Mulholland, after Lear was placed back in his residence, proceeded to leave the house and speak with L. Schmidt and Betty Couch ("Couch"). Id. ¶ 46. Upon speaking with L. Schmidt, Mullholland proceeded to inspect Lear's driveway for any damage or vandalism. Ex. F, pgs. 86-87. Mullholland found no evidence of any damage. Id. Lear then spoke with Couch and then returned to the Lear residence and spoke to Lear. Id. at 88-9. After Mulholland's discussion with Lear, and while Mulholland was speaking with L. Schmidt and Couch, Carol Lear retrieved the pellet gun and presented it to Fisher. J.S. ¶ 59. Couch is Lear's next-door neighbor to the east. Id. ¶ 51. During L. Schmidt's conversation with Mulholland, she was emotional and upset and indicated that she feared Lear. Id. ¶ 50.

After being taken into custody by Mulholland and Fisher, Lear was placed in a jail cell. Id. ¶ 65. While Lear was in his cell, Mulholland heard a loud thump. Id. ¶ 67. Lear was screaming in his cell for an attorney at the time. Id. Mulholland questioned whether Lear was unconscious after the thump and summoned Emergency Medical Services to transport Lear to the hospital. Id. ¶ 68. Lear was transported to Jefferson Memorial Hospital by ambulance and involuntarily committed for a mental health evaluation. Id. ¶ 70.

Borough police officers receive training at the police academy as well as yearly updates on dealing with mentally disturbed citizens. Exhibit A, at 24. In the borough, "very few" citizens are subject to involuntary commitments. Id. at 22. Within two years prior to the date of Lear's involuntary commitment, borough police officers attended a class on how to deal with mentally disturbed citizens. Id. Finally, all police officers in the Commonwealth of Pennsylvania must attend yearly classes administered under the auspices of the Municipal Police Officers Training and Education Commission and pass a test based on the material taught. Exhibit T, at 16. In 2002, the classes contained a course dealing with mental health and behavioral health issues. Id.

Standard of Review

Federal Rule of Civil Procedure 56(c) provides that summary judgment may be granted if, drawing all inferences in favor of the non-moving party, "the pleadings, depositions, answers to interrogatories, and admissions on file, together with the affidavits, if any, show that there is no genuine issue as to any material fact and that the moving party is entitled to a judgment as a matter of law." FED.R.CIV.P. 56(c). A motion for summary judgment will not be defeated by the mere existence of some disputed facts, but will be defeated when there is a genuine issue of material fact. Anderson v. Liberty Lobby, Inc., 477 U.S. 242, 247-48 (1986). In determining whether the dispute is genuine, the court's function is not to weigh the evidence or to determine the truth of the matter, but only to determine whether the evidence of record is such that a reasonable jury could return a verdict for the non-moving party. Id. at 249. The court may consider any material or evidence that would be admissible or usable at trial in deciding the merits of a motion for summary judgment. Horta v. Sullivan, 4 F.3d 2, 8 (1st Cir. 1993) (citing WRIGHT AND MILLER, FEDERAL PRACTICE§ 2721); Pollack v. City of Newark, 147 F.Supp. 35, 39 (D.N.J. 1956), aff'd, 248 F.2d 543 (3d Cir. 1957), cert.denied, 355 U.S. 964 (1958) ("in considering a motion for summary judgment, the court is entitled to consider exhibits and other papers that have been identified by affidavit or otherwise made admissible in evidence") (emphasis added).

Analysis

I. Qualified Immunity--Claims Against Mulholland

Defendants assert that Mulholland is entitled to summary judgment in his favor on all claims made against him on the ground of qualified immunity. The Supreme Court recognized that suits against state officials are another way of suing a state. Hafer v. Melo, 502 U.S. 21, 25 (1991). When sued in their personal capacities, state officers or officials, however, come to court as individuals. Id. at 27. A state official, when sued as an individual, fits within the statutory term "person" under 42 U.S.C. § 1983. Id.
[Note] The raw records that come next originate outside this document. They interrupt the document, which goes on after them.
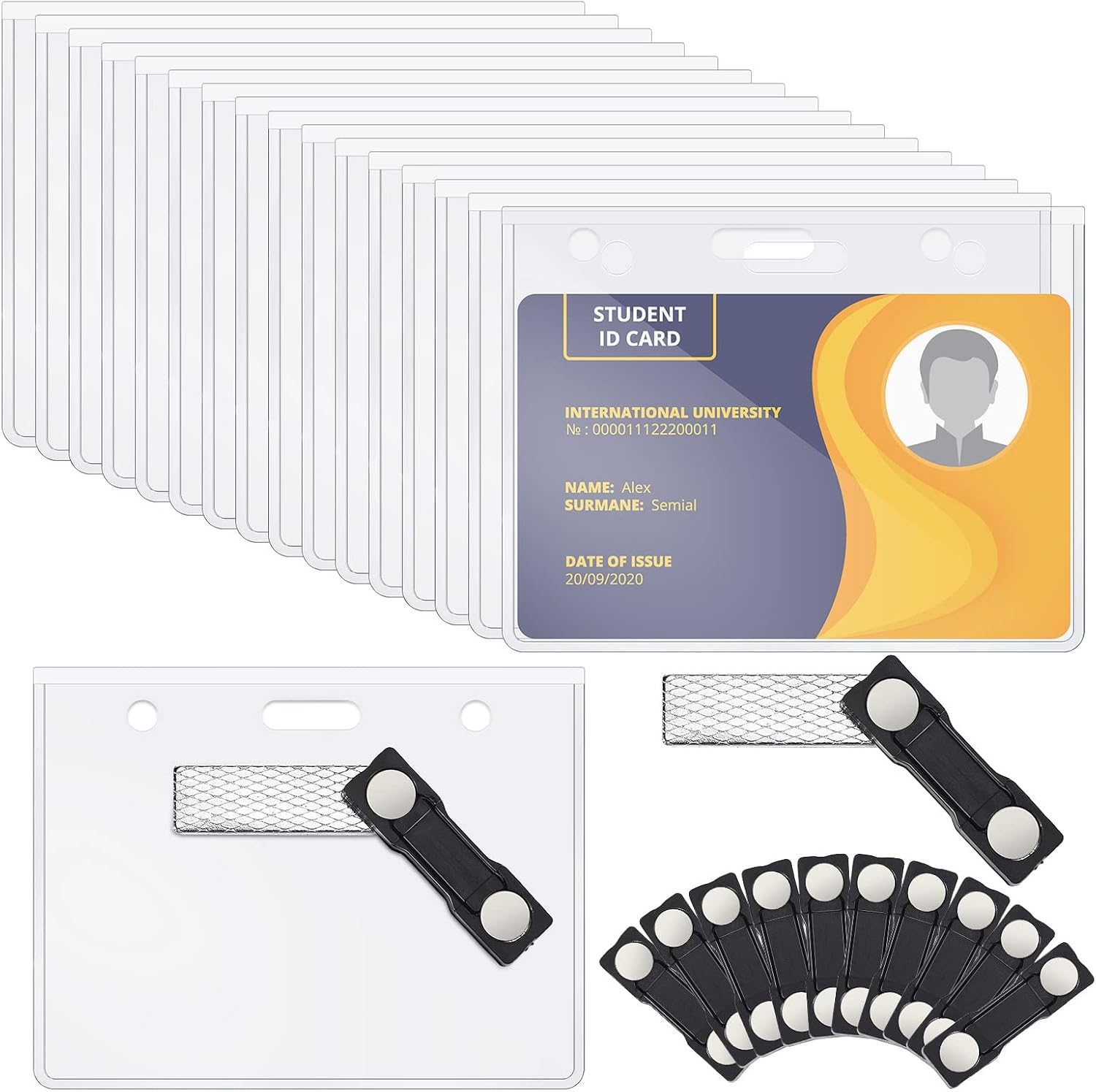 50 Sets Magnetic Name Badge Holder Kit 4 x 3 Inch Clear Name Tag Holders Horizontal ID Card Name Tag Waterproof Work Card Holder for Conferences Exhibitors Events Teachers Doctors Nurses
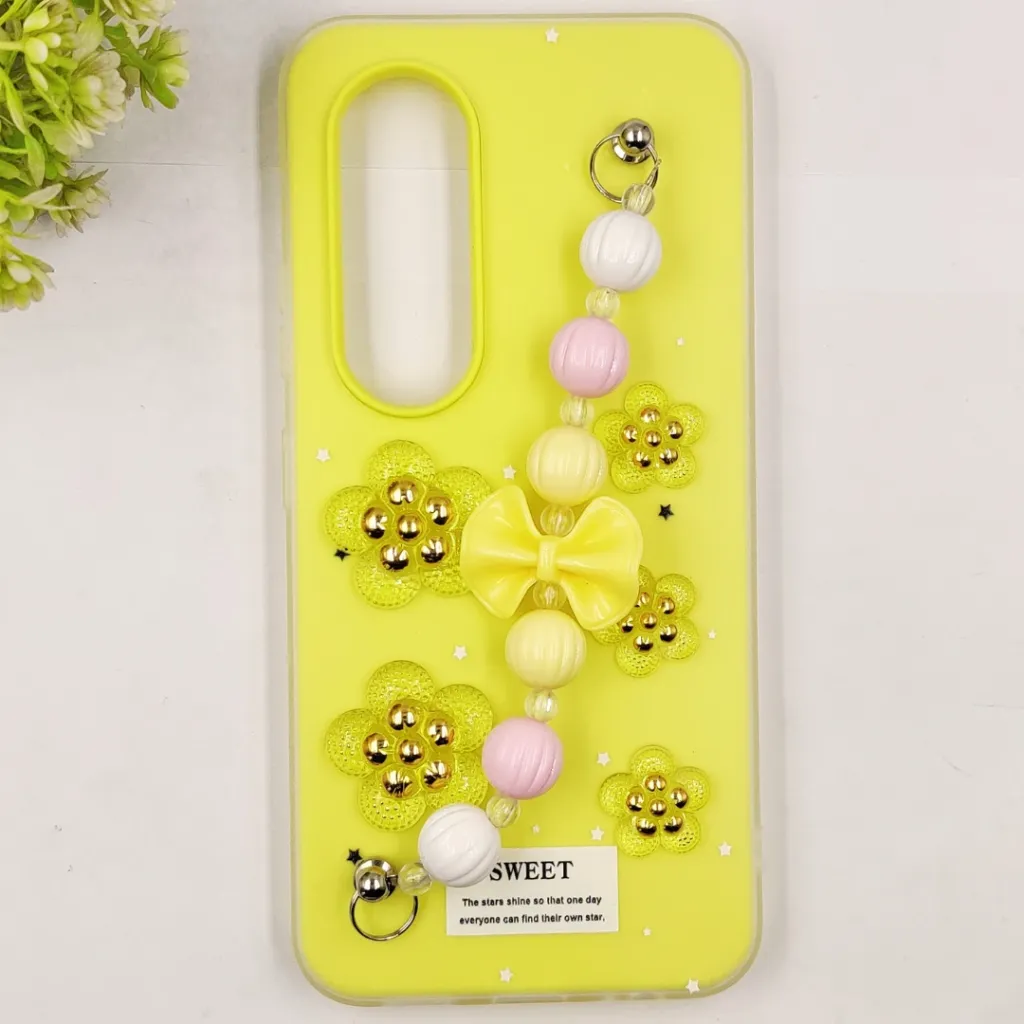 iTel S25 4G Fancy Ladies Soft Silicone Decorative Stones & Fancy Chain Mobile Back Case (Yellow)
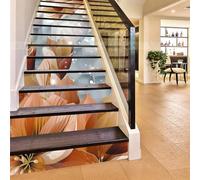 FLFK 13 Pcs/Set 3D Paysage de fleurs brunes Autocollants d'escalier auto-adhésifs Peel And Stick Escalier Riser Stickers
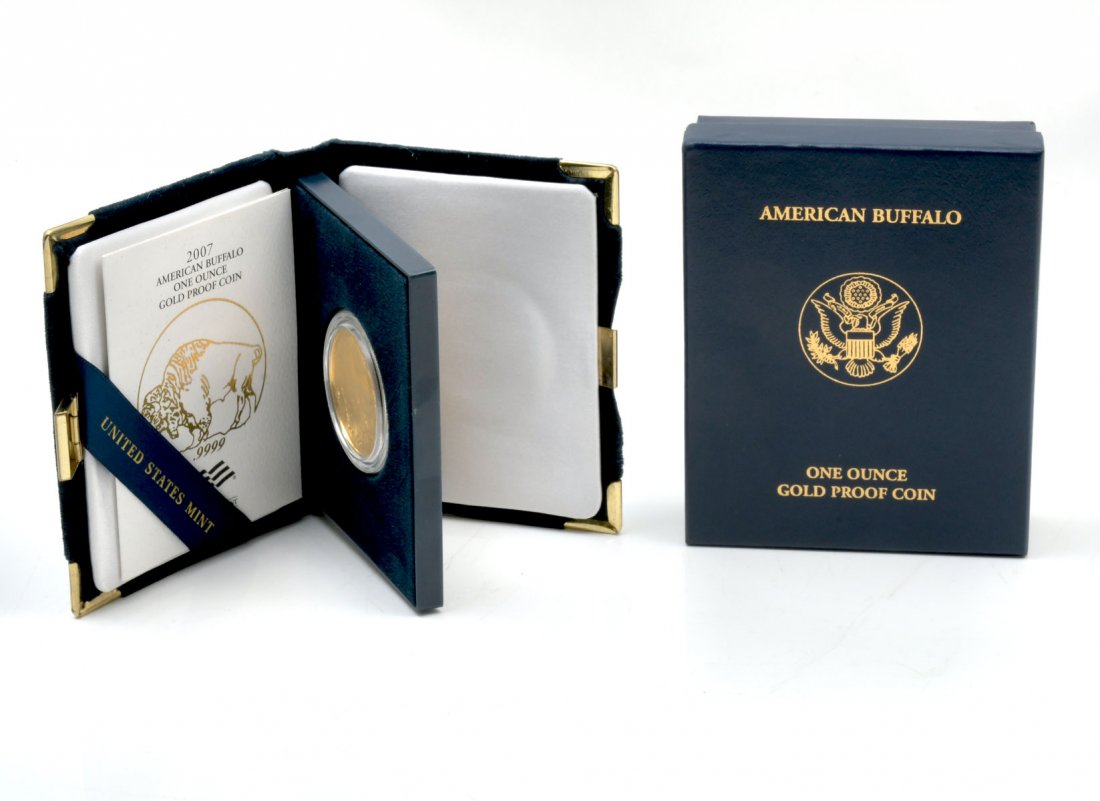 2007 AMERICAN BUFFALO $50 ONE OUNCE GOLD PROOF COIN: 2007 AMERICAN BUFFALO $50 ONE OUNCE GOLD PROOF COIN: housed in original U.S. Mint packaging. This coin is marked W and is .999 pure gold.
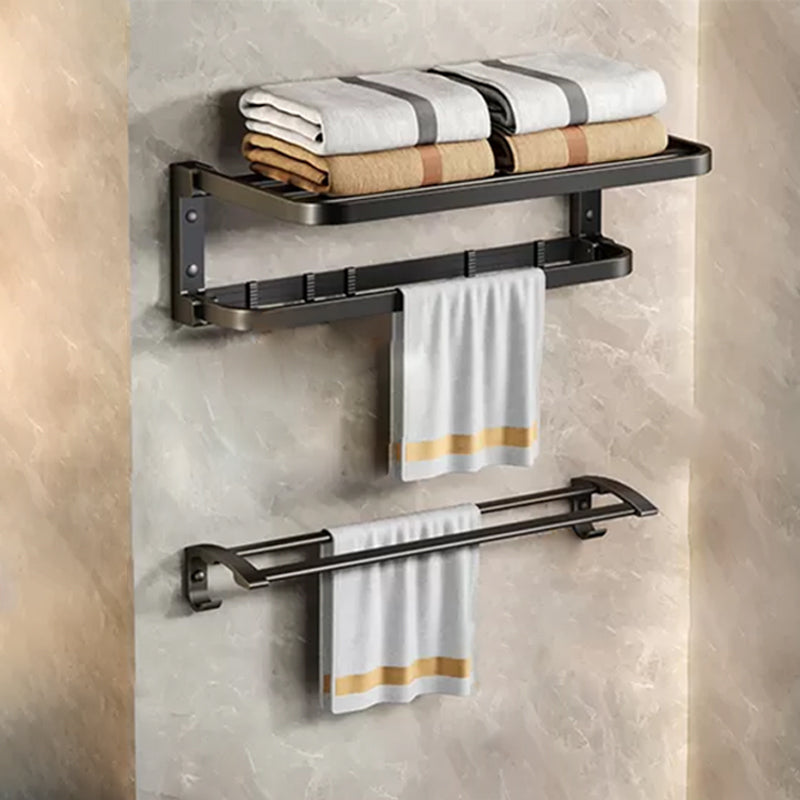 Aluminum Modern 7-Piece Bathroom Accessory Set Black Bathroom Hardware Folding Towel Rack with Towel Bar Clearhalo 'Bathroom Hardware Sets' 'Bathroom Hardware' 'Bathroom Remodel & Bathroom Fixtures' 'bathroom_hardware_sets' 'Home Improvement' 'home_improvement' 'home_improvement_bathroom_hardware_sets' 6997181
The privilege of qualified immunity recognizes the balance between the need for a forum to vindicate the abuse of federal rights and the "substantial societal costs" entailed in opening government officials to suit for the discretionary exercise of their public duties. Harlow v. Fitzgerald, 457 U.S. 800, 814 (1982). The United States Supreme Court resolved these competing concerns "by generally providing government officials performing discretionary functions with a qualified immunity, shielding them from civil damages liability as long as their actions could reasonably have been thought consistent with the rights they are alleged to have violated." Anderson v. Creighton, 483 U.S. 632, 638 (1987).*fn1

An objective inquiry is required into the reasonableness of the actions of government officials that permits government officials to anticipate when their conduct may give rise to liability for damages. Id. at 645-66. The privilege affords "protection to all but the plainly incompetent or those who knowingly violate the law." Malley v. Briggs, 475 U.S. 335, 341 (1986). "Thus, law enforcement officials who 'reasonably but mistakenly' conclude that their conduct comports with the requirements of the Fourth Amendment are entitled to immunity." Sharrar v. Felsing, 128 F.3d 810, 826 (3d Cir. 1997)(quoting Hunter v. Bryant, 502 U.S. 224, 227 (1991)). When it attaches, the privilege of qualified immunity "is an immunity from suit rather than a mere defense to liability" which is lost if defendants are permitted to go to trial. Saucier v. Katz, 533 U.S. 194, 200-01 (2001).*fn2 Once qualified immunity is asserted by a defendant, the plaintiff has the burden of demonstrating the privilege should not attach. McLaughlin v. Watson, 271 F.3d 566, 570 (3d Cir. 2001).

An analytical framework was developed to test whether a defendant is entitled to qualified immunity. Under this framework, the inquiry into the claim of qualified immunity is distinct from the inquiry into the merits of the claim. Saucier, 533 U.S. at 197. First, the court must determine whether the facts, taken in a light most favorable to the plaintiff's allegations, show that defendant's conduct violated a federal right or constituted a constitutional violation. Id. at 201. In determining this first step, the court should "set forth principles which will become the basis for a holding that a right is clearly established." Id.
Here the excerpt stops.